In the past two decades many studies have been devoted to the involvement of
the periportal (zone-1) and perivenous (zone-3) hepatocytes in bile formation and hepatobiliary
transport of endogenous and exogenous compounds. It became clear that such a heterogeneity
in transport function can, in principle, be due to the different localization of the
cells in the acinus with respect to the incoming blood, to intrinsic differences between the
cells or to both. In this review we first discuss the techniques used to study hepatocyte
heterogeneity in hepatobiliary transport function. Combinations of such techniques can be
used to discriminate between cellular heterogeneity due to acinar localization as opposed to
intrinsic differences. These techniques include: normal and retrograde perfusions of isolated
perfused livers; autoradiographic, fluorimetrie and histochemical localization of injected
substrates; separation of isolated hepatocytes into fractions enriched in periportal and perivenous
cells; measurements of fluorescent surface signals with microlight guides; selective
zonal toxicity, and pharmacokinetic modelling and analysis. Subsequently, for each of the
rate-limiting steps in the hepatobiliary transport of organic compounds, the basic mechanisms
are summarized and the available knowledge on the involvement of the cells from the
various zones in these transport steps is discussed. The available literature data indicate that
heterogeneity in transport function is often due to the localization of the cells in the acinus:
the periportal cells are the first to come into contact with the portal blood and are thus
exposed to the highest substrate concentration.

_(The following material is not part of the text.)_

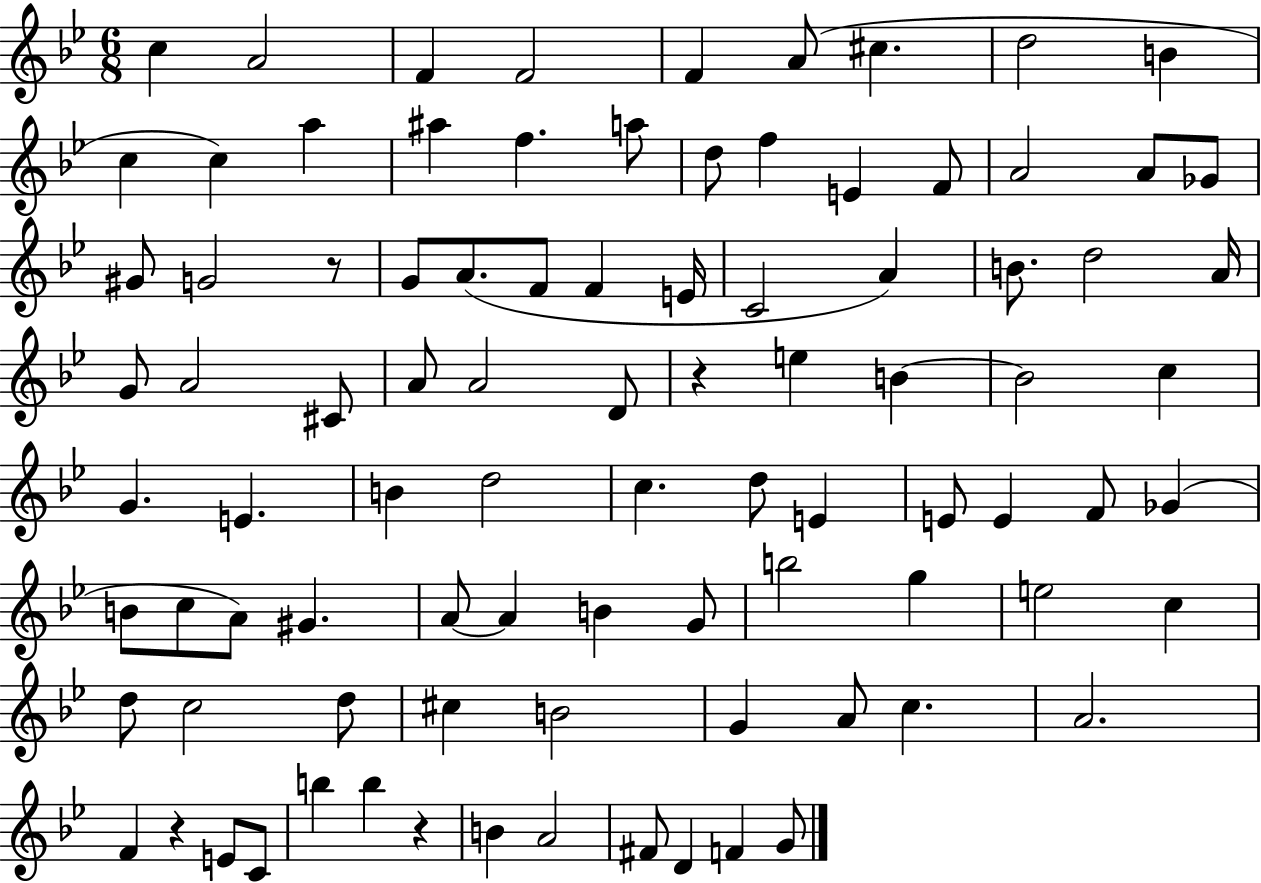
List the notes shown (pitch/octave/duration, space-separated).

C5/q A4/h F4/q F4/h F4/q A4/e C#5/q. D5/h B4/q C5/q C5/q A5/q A#5/q F5/q. A5/e D5/e F5/q E4/q F4/e A4/h A4/e Gb4/e G#4/e G4/h R/e G4/e A4/e. F4/e F4/q E4/s C4/h A4/q B4/e. D5/h A4/s G4/e A4/h C#4/e A4/e A4/h D4/e R/q E5/q B4/q B4/h C5/q G4/q. E4/q. B4/q D5/h C5/q. D5/e E4/q E4/e E4/q F4/e Gb4/q B4/e C5/e A4/e G#4/q. A4/e A4/q B4/q G4/e B5/h G5/q E5/h C5/q D5/e C5/h D5/e C#5/q B4/h G4/q A4/e C5/q. A4/h. F4/q R/q E4/e C4/e B5/q B5/q R/q B4/q A4/h F#4/e D4/q F4/q G4/e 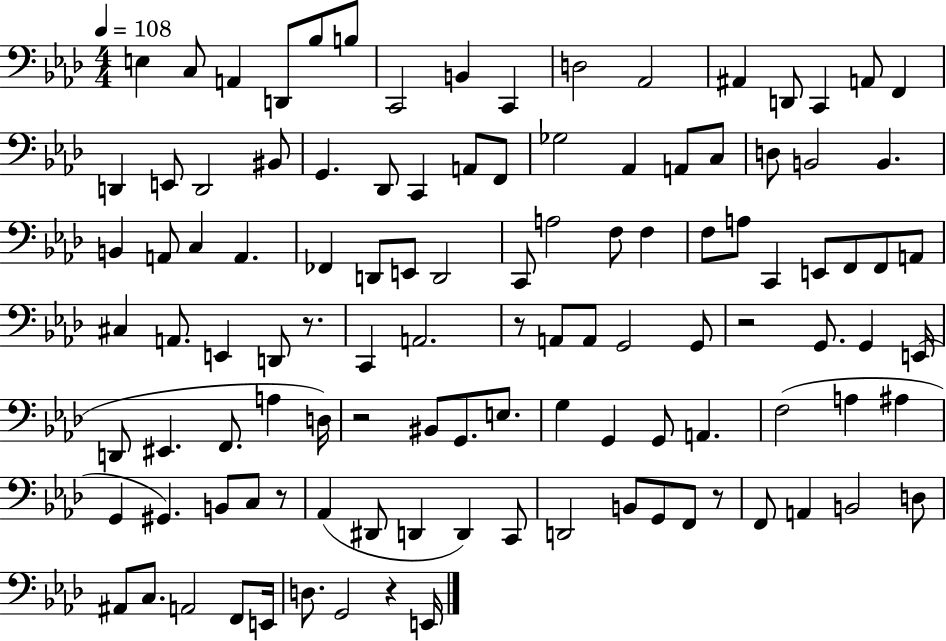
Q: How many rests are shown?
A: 7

Consequently they obtain the most prominent
task in further disposition of the particular compound. It follows that the extent of
involvement of the perivenous cells in drug disposition is implicitly determined by the
activity of the periportal cells. Because of the potential saturation of elimination processes in
the periportal cells, the involvement of perivenous cells may vary with the input concentration. In addition, real intrinsic differences have been established in the hepatobiliary transport
of some substrates. These are probably based on differences in the cellular content of
carrier- and receptor-binding and/or metabolizing proteins. In some cases these intrinsic
differences may be secondary to existing sinusoidal gradients of endogenous compounds,
such as O(2), amino acids, bile acids or monosaccharides. Yet, data on the heterogeneity of
hepatocytes in the various transport steps are far from complete or are even totally lacking,
especially for human liver. A multi-experimental approach and advanced technology will be
needed in the future to gain more insight into the acinar organization of bile formation and
hepatobiliary transport of drugs in the human.